» Required work: Please write out exactly the lines of the data below from the line holding "By taking snapshots" through the line holding "You have a few", and leave out the rest.
BEGIN Material for the task
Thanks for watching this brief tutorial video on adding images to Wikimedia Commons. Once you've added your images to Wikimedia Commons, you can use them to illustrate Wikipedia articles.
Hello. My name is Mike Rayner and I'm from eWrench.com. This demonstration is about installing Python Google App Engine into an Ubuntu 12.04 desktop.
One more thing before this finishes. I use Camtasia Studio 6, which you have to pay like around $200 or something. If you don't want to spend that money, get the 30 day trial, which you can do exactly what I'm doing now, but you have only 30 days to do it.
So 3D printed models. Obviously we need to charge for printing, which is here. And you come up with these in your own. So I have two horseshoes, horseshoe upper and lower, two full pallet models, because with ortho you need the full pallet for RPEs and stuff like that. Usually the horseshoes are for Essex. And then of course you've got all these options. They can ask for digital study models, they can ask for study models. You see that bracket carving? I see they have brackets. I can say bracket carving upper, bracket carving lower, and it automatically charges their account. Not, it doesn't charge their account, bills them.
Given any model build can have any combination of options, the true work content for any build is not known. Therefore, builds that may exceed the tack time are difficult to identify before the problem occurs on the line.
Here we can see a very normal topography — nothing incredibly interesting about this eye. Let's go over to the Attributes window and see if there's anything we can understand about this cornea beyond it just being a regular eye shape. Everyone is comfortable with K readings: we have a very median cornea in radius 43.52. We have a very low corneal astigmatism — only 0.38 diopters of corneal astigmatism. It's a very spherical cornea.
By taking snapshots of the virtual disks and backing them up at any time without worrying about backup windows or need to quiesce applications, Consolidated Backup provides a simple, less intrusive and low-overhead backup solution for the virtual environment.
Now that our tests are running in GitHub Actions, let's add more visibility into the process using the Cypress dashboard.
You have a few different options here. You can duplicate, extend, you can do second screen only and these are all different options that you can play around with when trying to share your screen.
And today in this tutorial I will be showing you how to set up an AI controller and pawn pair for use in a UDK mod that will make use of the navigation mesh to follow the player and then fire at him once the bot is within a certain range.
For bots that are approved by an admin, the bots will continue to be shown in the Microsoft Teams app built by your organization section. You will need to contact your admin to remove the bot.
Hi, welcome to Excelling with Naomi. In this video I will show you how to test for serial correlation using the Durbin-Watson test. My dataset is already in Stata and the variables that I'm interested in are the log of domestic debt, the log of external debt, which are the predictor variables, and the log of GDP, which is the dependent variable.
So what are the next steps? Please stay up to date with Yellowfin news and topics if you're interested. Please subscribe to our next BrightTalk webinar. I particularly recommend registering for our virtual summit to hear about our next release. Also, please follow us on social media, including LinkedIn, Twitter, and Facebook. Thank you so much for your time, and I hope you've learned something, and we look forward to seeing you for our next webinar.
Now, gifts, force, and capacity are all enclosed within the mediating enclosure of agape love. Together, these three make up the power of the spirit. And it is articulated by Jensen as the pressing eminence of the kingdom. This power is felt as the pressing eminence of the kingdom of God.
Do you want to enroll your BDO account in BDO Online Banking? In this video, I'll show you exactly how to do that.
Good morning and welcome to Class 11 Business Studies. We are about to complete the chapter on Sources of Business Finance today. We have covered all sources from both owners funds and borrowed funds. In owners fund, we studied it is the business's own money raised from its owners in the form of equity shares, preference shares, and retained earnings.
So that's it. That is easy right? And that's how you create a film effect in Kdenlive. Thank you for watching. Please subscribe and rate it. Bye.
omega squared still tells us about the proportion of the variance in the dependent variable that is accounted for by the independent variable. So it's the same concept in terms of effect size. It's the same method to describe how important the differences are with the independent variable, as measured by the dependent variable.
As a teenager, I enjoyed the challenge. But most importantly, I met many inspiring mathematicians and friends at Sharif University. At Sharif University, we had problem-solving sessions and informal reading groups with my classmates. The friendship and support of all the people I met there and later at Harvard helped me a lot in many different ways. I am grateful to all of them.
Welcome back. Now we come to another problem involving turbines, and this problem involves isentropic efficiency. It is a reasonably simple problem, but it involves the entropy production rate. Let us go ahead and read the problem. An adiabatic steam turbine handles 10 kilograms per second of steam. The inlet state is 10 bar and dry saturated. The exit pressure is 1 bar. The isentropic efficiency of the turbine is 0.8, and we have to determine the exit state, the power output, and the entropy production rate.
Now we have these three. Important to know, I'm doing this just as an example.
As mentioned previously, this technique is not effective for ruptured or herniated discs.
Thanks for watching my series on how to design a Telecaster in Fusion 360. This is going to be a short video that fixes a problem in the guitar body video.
END Material for the task
» Result of the task:
By taking snapshots of the virtual disks and backing them up at any time without worrying about backup windows or need to quiesce applications, Consolidated Backup provides a simple, less intrusive and low-overhead backup solution for the virtual environment.
Now that our tests are running in GitHub Actions, let's add more visibility into the process using the Cypress dashboard.
You have a few different options here. You can duplicate, extend, you can do second screen only and these are all different options that you can play around with when trying to share your screen.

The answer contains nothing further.